How To Design And Query Data In Cosmos DB

Debasis Saha
5y
288k
0
11

Article

Introduction

Welcome back to the second article in an overview of CosmosDB – start from scratch article series. In the previous article, we discuss related to the basic concepts of the No-SQL Database include an overview of Cosmos DB, the Hierarchy structure of a Cosmos DB, etc. We also discuss how to create Cosmos DB using Azure Portal and the migration steps from any other database to Cosmos DB with the help of different tools. Now, in this article, we will discuss the design process related to the Cosmos DB. We also discussed related to different types of Query in Cosmos DB. If you want to read the previous article of this series, then please click on the below links:

Cosmos DB - An Overview (Part 1)

As we all know, Cosmos DB is a document database that can be run in SQL API or MongoDB API modes. So, we can perform the different types of Query and can interact with the database at the grain of schema-free documents. Documents of a similar type are organized into a collection. In this article, we will discuss how to design documents or collection to fulfill the business requirements. Also, we will discuss how to use the SQL API to build applications that use these documents. So, at the end of this article, the reader can be able to get an idea about the below points:

The basic concept related to the document models in Azure Cosmos DB
Concept of Partitioning Collections in Azure Cosmos DB
Query Data in SQL API Based Cosmos DB Database

Overview of Documents and Collection with Relations

As we discussed in the previous article, Cosmos DB supports the document database model. Maybe the document database model is new to some of us, especially related to the relational database model. So, first, let's compare the logical architecture of the document database along with the relational database like Microsoft SQL Server.

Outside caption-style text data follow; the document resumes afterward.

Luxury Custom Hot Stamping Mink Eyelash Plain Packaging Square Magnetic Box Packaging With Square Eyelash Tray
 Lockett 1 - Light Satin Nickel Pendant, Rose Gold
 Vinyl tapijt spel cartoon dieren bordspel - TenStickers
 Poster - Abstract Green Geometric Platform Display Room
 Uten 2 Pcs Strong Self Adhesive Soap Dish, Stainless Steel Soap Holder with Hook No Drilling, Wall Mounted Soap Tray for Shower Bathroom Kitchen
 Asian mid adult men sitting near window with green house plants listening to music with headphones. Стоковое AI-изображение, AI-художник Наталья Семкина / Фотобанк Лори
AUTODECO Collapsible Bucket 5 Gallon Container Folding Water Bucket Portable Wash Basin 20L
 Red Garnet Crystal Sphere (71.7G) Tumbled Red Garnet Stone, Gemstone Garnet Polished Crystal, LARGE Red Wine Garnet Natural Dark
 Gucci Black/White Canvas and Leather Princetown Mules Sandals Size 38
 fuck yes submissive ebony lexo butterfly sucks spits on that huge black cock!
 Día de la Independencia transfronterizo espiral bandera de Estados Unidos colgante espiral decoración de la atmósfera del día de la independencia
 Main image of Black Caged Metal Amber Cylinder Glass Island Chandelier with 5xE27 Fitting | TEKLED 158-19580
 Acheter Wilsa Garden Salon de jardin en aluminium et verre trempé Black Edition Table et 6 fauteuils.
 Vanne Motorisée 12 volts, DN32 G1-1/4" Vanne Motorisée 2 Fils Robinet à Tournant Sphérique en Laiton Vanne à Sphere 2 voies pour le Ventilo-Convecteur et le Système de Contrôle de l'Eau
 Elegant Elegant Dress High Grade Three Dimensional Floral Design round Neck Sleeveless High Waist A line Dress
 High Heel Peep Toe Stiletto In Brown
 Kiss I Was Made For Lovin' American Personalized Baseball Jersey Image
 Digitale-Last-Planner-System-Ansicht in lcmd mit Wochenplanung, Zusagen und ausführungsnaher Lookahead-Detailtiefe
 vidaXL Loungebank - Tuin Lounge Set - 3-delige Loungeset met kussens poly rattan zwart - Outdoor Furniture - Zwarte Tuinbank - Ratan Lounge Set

Document Database	Relational Database
Collections	Tables
Documents	Rows
Properties	Columns
Denormalized	Normalized
Schema-less	Declarative Schema
No Referential Integrity	Referential Integrity

The logical unit of data in a document database is a document – which is roughly equivalent to a relational row. Every document might have a different number of properties and associated values. Other than requiring that each document in the database has a unique identifier, there are no constraints on the schema of a document; each document in a document database might have a different set of properties. In Cosmos DB, a group of documents is stored together in a collection; collections are typically used to group a set of documents with common characteristics—for example, purchase orders, or personnel records—but there’s no requirement that all the documents in a collection represent the same type of object, or that they have the same schema.

In every document database, documents represent a serialized version of a programming object. As a result, sometimes it allows some repetition of data (or denormalizing) to provide simple query functionality and better performance. Many document model-based database systems like MongoDB always force simple queries because they do not support JSON operations in queries. But Cosmos DB SQL API does support a form of a JOIN syntax which will be discussed later in this article.

Documents Structure in the Document Database

In a Cosmos DB SQL API based database, normally documents are stored in JavaScript Object Notation (JSON) format. JSON is an industry-standard format for exchanging structured data. It is mainly derived from a subset of the JavaScript type system. Most of the programming languages include libraries that are used parsing JSON objects into native objects. The SQL API includes supports for GeoJSON – an extension to JSON used for encoding geospatial information – such as geographical latitude and longitude.

There are some key points which need to be remembered for Document structure in the document database:

Documents are stored as JSON format data.
Document Database supports GeoJSON for geometry related data
Each document must be a total size of 2 MB or less than 2 MB.
If the document contains binary blobs data and its size is above 2 MB, then need to store it as attachments.
Each document contains some default system properties like _rid, _etag, _ts, and _self.
It is automatically added against each document (as a GUID) if the application or source data does not have it.

Attachments

Although a single document should be no larger than 2 MB, you can associate binary blobs with a document by using an attachment. An attachment is a pointer record from a document inside the database to a blob stored elsewhere. You are permitted to create attachments linked to blobs in the Cosmos DB blob store up to a maximum total of 2 GB per database account—or you create attachments to blobs of unlimited size held external to the database, in services such as Azure Blob Store, or Microsoft OneDrive. The _media property of the attachment holds a URI to the blob location.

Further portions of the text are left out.